Matthew Desmond, a sociologist at Harvard, has written a critically-acclaimed study of the role evictions play in the lives of America’s poor. In Evicted: Poverty and Profit in the American City, Desmond argues that the lack of access to affordable housing has become one of the most important, and unrecognized, social crises in the country. For his research, which involved years of ethnographic fieldwork in inner-city Milwaukee, Desmond was awarded a 2015 MacArthur Fellowship. Desmond recently spoke to Current Affairs legal editor Oren Nimni about his work.

ON: What was the goal of doing the research?

MD: For me, the first goal was just understanding. I’ve always been perplexed and troubled by how much poverty there is in America, the richest country with the most poverty, and I’ve always found that totally unnecessary. I wanted to understand the role housing plays in that story. If you read poverty literature, you read a lot about jobs and joblessness in families in all sorts of forms and mass incarceration. There’s just not a lot on housing. But we’re at this point where the majority of poor folks live in private apartments and get no assistance. They spend most of their money on housing, it’s a completely vital and imposing thing in their lives, and we just didn’t know much about it. When I started I had no idea how prevalent eviction was, I had no idea how consequential it would be. I thought eviction would be like a good window into [poverty], a good narrative device to hold the story together. I didn’t have any idea that it would be the central problem that emerged from the research.

ON: One possible risk I saw was that, over the past 10-15 years in particular, there have been a lot of books that pitch themselves as saying “this is actually the thing that explains poverty.” “It’s actually mass incarceration,” “it’s actually jobs,” etc. There’s a lot of value in saying that these are elements of poverty, the way it manifests, but if you say “no, this is actually the root cause,” and we address housing but don’t address other aspects of poverty, we will just continue to poke at the problem while the underlying conditions continue to reify.

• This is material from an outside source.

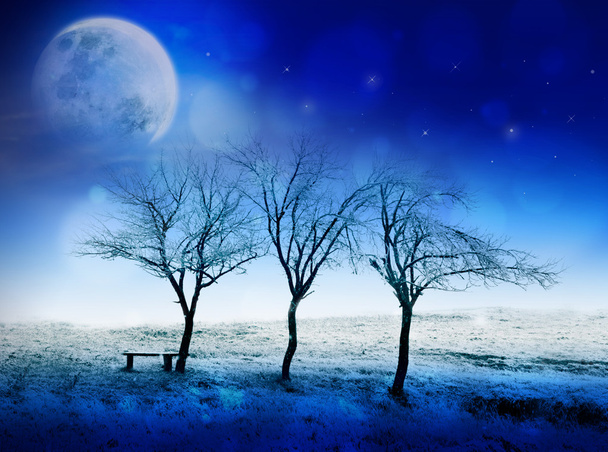 Winter night fairytale scene with moon, stars and snow. Can be used as Christmas or New Year card - Photo, Image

MD: I so wish that was our problem. I so wish our problem was that we’re focusing too much policy on housing. I would love that problem. I think the problem we have is that only 1 of 4 American families that qualify for housing assistance get it. The vast majority of poor folks get nothing, from any level of government. If you ask the typical American, maybe not your readership, but the typical American “where do poor folks live”? They would say public housing, and that couldn’t be further from the truth. And so we have to have a huge investment that’s on the scale of the problem, we can’t settle for smaller change anymore when it comes to this issue of the affordable housing crisis.

Poverty is never just poverty, and this search for a silver bullet doesn’t confront the complexity of the problem and I hope the book does. You see the problem of joblessness, the problem of trauma, and we have to confront all of these things. I think you’re right, but also that housing has to be at the table and for a long time it just hasn’t been. And so any comprehensive poverty legislation has to have a housing component. I wouldn’t argue that that would a panacea. But also, we are existing in a world where the waiting list for public housing in our nation’s capital is like 20 years long. That’s out world. I would love it if we had inherited a world where housing assistance, etc., were addressed and we had dealt with that problem.

ON: One thing the book makes clear is that while it is partially about these grander systems of economics and housing availability, it’s also about actual people that make decisions every day in those systems. I’m thinking of the main landlord in the book, who makes decisions every day about whether to give leniency on rent or evict a tenant. There’s a place that you cite as the one time you intervened and convinced her to not call the Sheriff, which actually changed someone’s life, however marginally. How do we get at that, the fact that it’s not all systemic, that there are individual people making often devastatingly cruel choices?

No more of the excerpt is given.